Just in case anyone has missed our campaign 🙂 we’ve ordered some lovely signs which have arrived this week! The first deliver was a test sample and we’ll be getting more very soon.

They will be available to order and buy online. They cost £15 at cost price and they will take up to 2 weeks to be delivered. More details on where to order very soon…

We hope to have lots of signs up around the local area very soon!

PLEASE attend the meeting on 23rd May

We cannot emphasise how important it is that people attend the 3rd consultation meeting this Wednesday. We need to show that our concerns have not gone away and that we still oppose the development – the more people there to show their objection the better!

We see the meeting as another opportunity to understand the proposed development details in terms of transport and infrastructure, rather than a way to register your areas of objection which should be saved for your office objection when the application is underway.

With this in mind, please do share with us any objections that you have and we will be able to support you in placing your objection when the time comes.

We look forward to seeing you all on Wednesday 23rd May from 17.30 until 20.00 at the Emsworth Community Centre.

Branding set for the campaign

We have a logo!

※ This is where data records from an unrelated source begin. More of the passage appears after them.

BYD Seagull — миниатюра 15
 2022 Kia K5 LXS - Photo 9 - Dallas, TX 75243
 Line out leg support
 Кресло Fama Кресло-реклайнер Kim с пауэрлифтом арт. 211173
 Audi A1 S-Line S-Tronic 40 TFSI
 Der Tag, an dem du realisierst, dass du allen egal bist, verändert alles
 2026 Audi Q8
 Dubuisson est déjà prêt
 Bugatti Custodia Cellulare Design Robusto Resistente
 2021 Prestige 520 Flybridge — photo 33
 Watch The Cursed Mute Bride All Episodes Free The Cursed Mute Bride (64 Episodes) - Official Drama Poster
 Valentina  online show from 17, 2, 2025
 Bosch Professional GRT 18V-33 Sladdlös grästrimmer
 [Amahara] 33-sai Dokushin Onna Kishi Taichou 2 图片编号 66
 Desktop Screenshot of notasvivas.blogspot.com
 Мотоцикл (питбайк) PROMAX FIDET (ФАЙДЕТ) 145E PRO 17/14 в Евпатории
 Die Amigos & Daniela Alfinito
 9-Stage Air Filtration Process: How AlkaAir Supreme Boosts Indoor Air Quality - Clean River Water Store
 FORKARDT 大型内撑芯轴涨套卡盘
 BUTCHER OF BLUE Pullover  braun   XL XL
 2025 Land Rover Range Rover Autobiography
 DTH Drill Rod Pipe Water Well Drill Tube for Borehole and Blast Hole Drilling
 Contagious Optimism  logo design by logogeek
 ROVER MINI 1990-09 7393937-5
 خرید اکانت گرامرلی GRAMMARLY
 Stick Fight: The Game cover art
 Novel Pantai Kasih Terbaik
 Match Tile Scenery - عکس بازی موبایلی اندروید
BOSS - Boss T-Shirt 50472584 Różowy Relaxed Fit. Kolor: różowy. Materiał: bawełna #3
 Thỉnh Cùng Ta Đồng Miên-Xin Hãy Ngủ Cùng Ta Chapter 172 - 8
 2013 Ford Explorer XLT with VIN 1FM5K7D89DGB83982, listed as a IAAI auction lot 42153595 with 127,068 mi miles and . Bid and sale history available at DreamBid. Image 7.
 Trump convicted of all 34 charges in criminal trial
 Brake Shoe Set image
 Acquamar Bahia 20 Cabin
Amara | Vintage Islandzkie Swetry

We felt that the campaign needed an identity in line our ethos; something that represents the users of the Lane and the people, animals and wildlife that will be affected by the development.

The logo we’ve agreed on is as follows:

Within the logo we have represented:

  • Trees and hedgerows
  • Humans – walkers, commuters, children
  • Dog walkers
  • Cyclists
  • Horse riders (horseshoes)
  • Bats
  • Birds

We’re hoping that this roundel logo will become synonymous with the campaign – please get behind us to help oppose the development!